My new favorite phrase of the week is ”perverse incentive,” a concept and a construct that seems to suit the arts and culture world in so many ways. The term describes a policy that is intended to promote one outcome, but that instead creates the opposite, or fosters a countervailing negative effect. Some examples from the Wikipedia entry:
- Funding fire departments by the number of fire calls made is intended to reward the fire departments that do the most work. However, it may discourage them from fire-prevention activities, which reduce the number of fires.
- The U.S. Endangered Species Act imposes land-use restrictions without compensation on people who have endangered or threatened species on their property. The intention is to protect at-risk species, but in practice this causes landowners to make their land unsuitable for the protected species, so the species will go elsewhere, and the government will leave them alone. This can cause more harm to species than if the ESA did not exist.
- Paying architects and engineers according to what is spent on a project leads to excessively costly projects.
- Where libraries, universities, and similar institutions charge a higher
fee for copying than for printing, users may print multiple copies of a
document, which could cost the institution more than free copying would.
It’s a sub-species of the ”unintended consequence,” but a particularly insidious one. Here are just a few from the arts that pop into my head:
- To focus grantmaking, funders restrict money to project costs (refusing to fund overhead), leading arts organizations to either pad their variable costs to compensate, ignore the overhead in their strategic assessment of whether to accept the grant, or distort their own understanding of what a project or program actually costs. As a result, the funders help create grantees who are less strategic, less transparent, and less able to contain costs.
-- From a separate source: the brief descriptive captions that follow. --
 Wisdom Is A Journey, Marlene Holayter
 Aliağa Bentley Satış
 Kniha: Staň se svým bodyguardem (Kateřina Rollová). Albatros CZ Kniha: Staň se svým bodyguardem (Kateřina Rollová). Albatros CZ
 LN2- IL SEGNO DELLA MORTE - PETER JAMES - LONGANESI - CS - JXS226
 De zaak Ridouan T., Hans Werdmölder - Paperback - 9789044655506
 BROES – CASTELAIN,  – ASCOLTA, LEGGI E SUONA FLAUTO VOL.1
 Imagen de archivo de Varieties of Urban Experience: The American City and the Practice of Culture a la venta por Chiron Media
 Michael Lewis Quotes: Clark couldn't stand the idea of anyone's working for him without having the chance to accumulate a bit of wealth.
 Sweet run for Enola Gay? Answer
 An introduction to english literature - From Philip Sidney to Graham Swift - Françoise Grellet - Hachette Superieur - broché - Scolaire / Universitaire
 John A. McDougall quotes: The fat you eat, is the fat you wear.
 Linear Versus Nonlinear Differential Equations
- Cultural facility projects place specialists and major funders in primary control of the design process, to ensure that the perceived primary constituents are connected to the outcomes. However, this narrow focus of constituents often leaves out the primary power-users of the building — the audience, the front-line staff, and the custodial team. The outcome is often a building that inhibits mission delivery, rather than enhances it.
- Development officers are evaluated on year-to-year increases in total contributions, leading to slash-and-burn development strategies and high staff turnover, rather than long-term relationship building and life-of-the-donor value strategies.
That’s just off the top of my head. Where in your organizaiton, or among your funders, have you noticed perverse incentives?
John E. Graham says
After thirty years of managing arts organizations, I agree that the unintended consequences you describe have lives of their own. One of my favorites is cutting advertising to reduce cost without any idea of the impact on revenue.
Heather Clark says
I concur with John’s example and on an even larger scale marketing budgets in general. Consistently arts organizations cut their marketing budgets to balance their annual budget, leaving their marketing department with no money to reach existing and new audiences. You then rely on PR to hopefully get people in the door to see your project, but with shrinking newspaper coverage that can no longer cover you. Understandably your sales end up down and in the next year the marketing budget gets trimmed again.